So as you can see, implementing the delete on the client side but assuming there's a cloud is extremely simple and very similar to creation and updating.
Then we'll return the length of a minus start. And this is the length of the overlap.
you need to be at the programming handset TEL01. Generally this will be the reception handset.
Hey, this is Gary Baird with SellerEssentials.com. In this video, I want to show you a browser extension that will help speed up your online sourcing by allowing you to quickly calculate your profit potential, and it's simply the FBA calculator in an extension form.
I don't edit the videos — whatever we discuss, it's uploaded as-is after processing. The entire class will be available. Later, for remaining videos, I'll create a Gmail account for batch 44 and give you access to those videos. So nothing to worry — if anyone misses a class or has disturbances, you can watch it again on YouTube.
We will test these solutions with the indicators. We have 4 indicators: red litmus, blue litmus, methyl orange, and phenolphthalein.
==============================
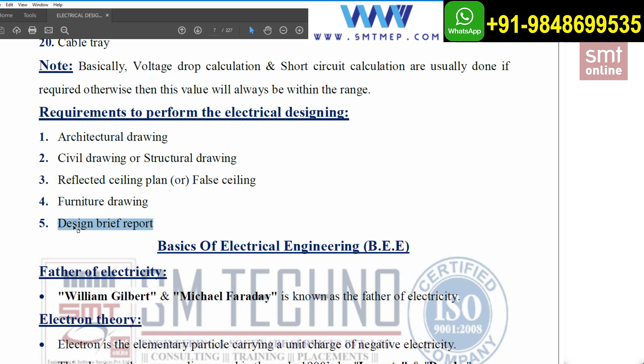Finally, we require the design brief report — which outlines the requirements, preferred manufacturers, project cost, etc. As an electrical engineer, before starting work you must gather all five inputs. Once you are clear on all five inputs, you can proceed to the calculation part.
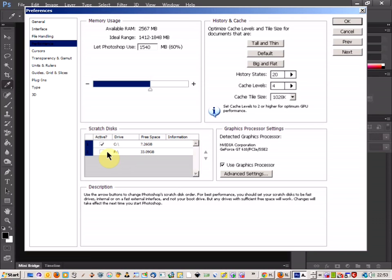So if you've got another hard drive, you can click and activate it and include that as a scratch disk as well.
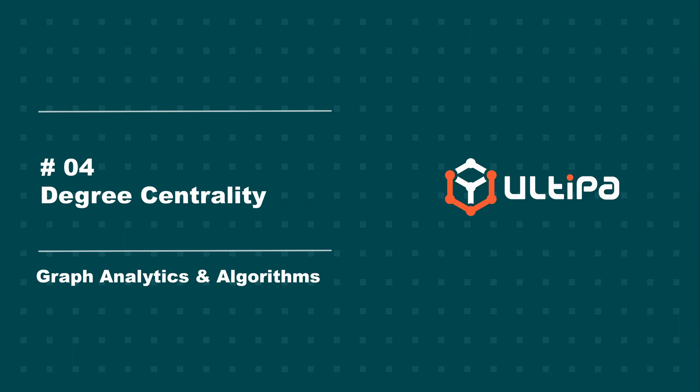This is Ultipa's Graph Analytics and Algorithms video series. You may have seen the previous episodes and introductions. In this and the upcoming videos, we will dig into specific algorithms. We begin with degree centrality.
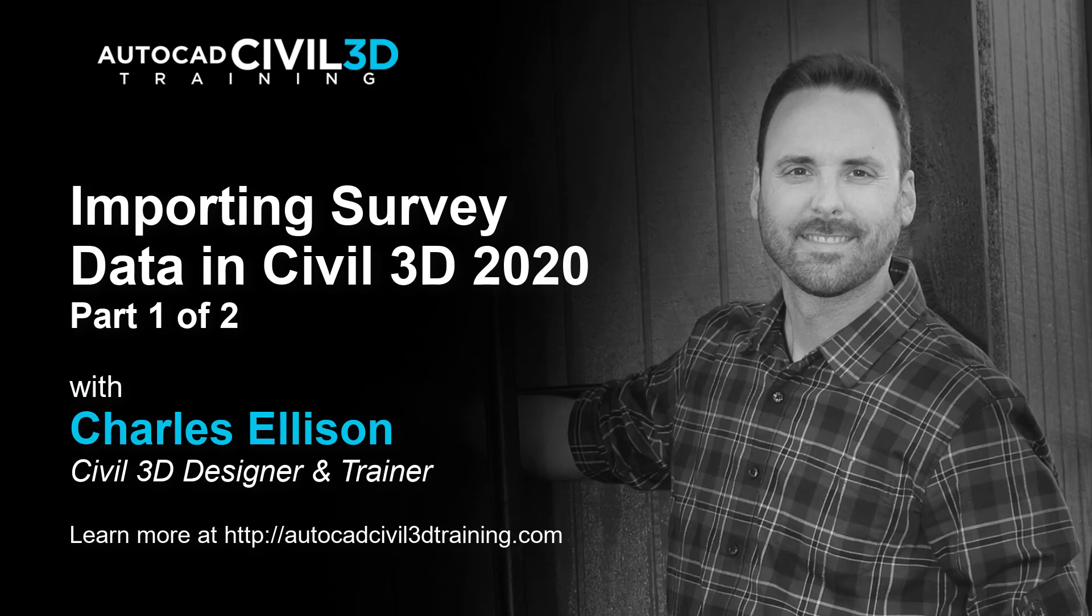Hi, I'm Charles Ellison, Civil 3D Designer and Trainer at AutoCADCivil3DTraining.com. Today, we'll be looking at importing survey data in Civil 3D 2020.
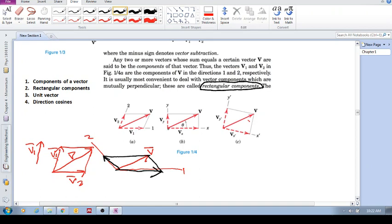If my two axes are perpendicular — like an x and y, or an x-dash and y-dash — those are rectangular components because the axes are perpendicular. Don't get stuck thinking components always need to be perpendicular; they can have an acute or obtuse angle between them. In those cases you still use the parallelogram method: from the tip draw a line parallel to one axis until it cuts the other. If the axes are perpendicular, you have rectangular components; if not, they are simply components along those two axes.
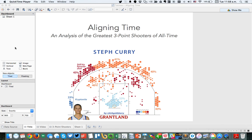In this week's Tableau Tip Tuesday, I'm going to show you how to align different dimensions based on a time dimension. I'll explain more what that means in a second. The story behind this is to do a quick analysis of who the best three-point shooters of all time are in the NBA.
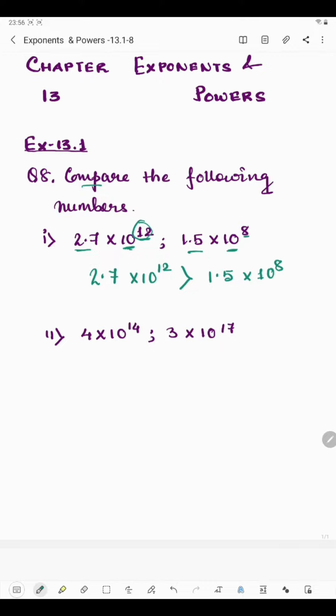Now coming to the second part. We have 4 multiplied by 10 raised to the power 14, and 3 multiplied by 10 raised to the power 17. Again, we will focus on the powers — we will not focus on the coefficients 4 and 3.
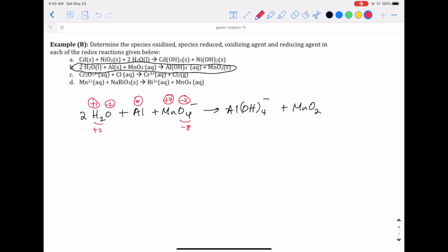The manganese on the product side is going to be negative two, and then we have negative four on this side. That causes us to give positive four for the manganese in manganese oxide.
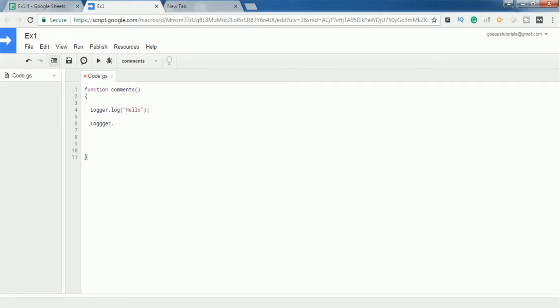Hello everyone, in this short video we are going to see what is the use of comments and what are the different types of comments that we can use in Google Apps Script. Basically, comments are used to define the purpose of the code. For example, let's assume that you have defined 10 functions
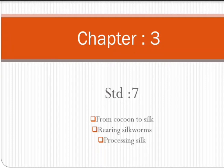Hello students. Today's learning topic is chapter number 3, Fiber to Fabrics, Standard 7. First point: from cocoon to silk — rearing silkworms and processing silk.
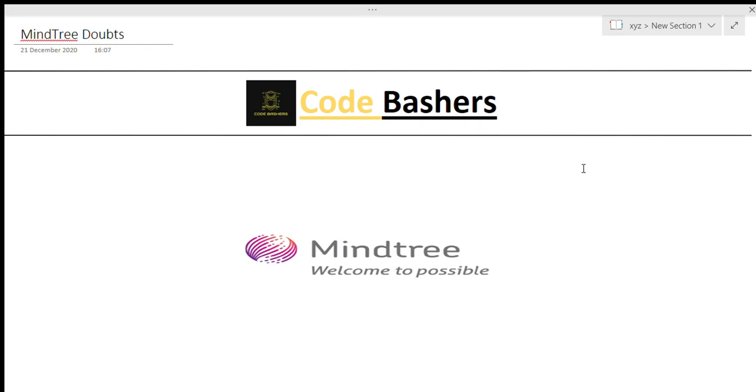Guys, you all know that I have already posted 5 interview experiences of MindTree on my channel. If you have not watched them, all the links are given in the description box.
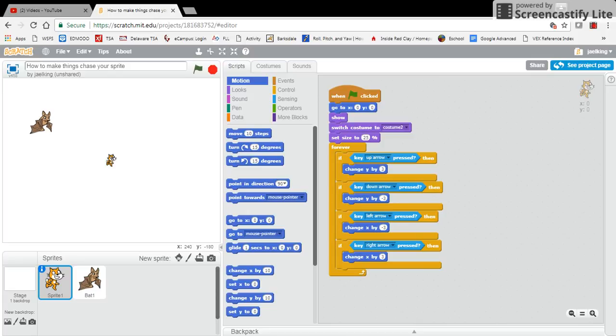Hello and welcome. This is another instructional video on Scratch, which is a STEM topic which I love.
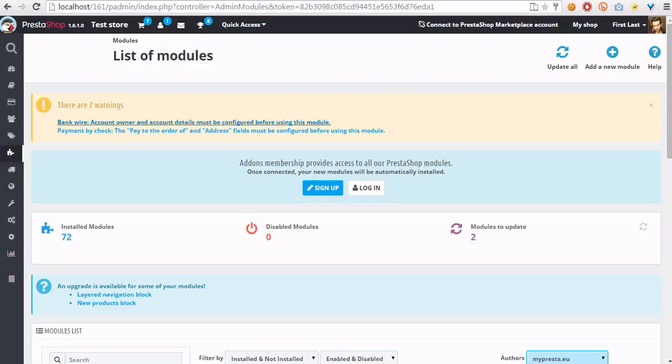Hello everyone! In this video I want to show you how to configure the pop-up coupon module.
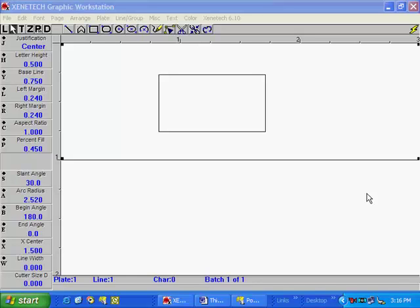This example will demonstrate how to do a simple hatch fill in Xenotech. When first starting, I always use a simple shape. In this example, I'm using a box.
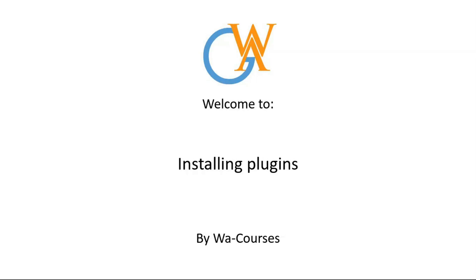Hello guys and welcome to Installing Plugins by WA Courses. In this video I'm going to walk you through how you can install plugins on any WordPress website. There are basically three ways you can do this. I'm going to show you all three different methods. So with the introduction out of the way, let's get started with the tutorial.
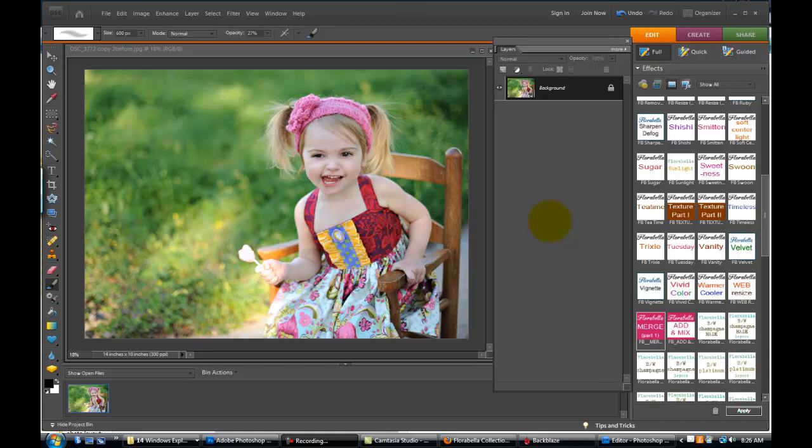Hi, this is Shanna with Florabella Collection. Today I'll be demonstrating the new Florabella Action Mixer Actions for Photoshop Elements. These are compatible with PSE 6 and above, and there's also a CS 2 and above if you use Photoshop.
==============================
Print nothing but the lines above starting with the line that contains "Hello everyone, in" and going on through the line that contains "Hi, this is". Leave out the pictures.

#### Response box:
Hello everyone, in this short video we are going to see what is the use of comments and what are the different types of comments that we can use in Google Apps Script. Basically, comments are used to define the purpose of the code. For example, let's assume that you have defined 10 functions
Hello students. Today's learning topic is chapter number 3, Fiber to Fabrics, Standard 7. First point: from cocoon to silk — rearing silkworms and processing silk.
Guys, you all know that I have already posted 5 interview experiences of MindTree on my channel. If you have not watched them, all the links are given in the description box.
Hello and welcome. This is another instructional video on Scratch, which is a STEM topic which I love.
Hello everyone! In this video I want to show you how to configure the pop-up coupon module.
This example will demonstrate how to do a simple hatch fill in Xenotech. When first starting, I always use a simple shape. In this example, I'm using a box.
Hello guys and welcome to Installing Plugins by WA Courses. In this video I'm going to walk you through how you can install plugins on any WordPress website. There are basically three ways you can do this. I'm going to show you all three different methods. So with the introduction out of the way, let's get started with the tutorial.
Hi, this is Shanna with Florabella Collection. Today I'll be demonstrating the new Florabella Action Mixer Actions for Photoshop Elements. These are compatible with PSE 6 and above, and there's also a CS 2 and above if you use Photoshop.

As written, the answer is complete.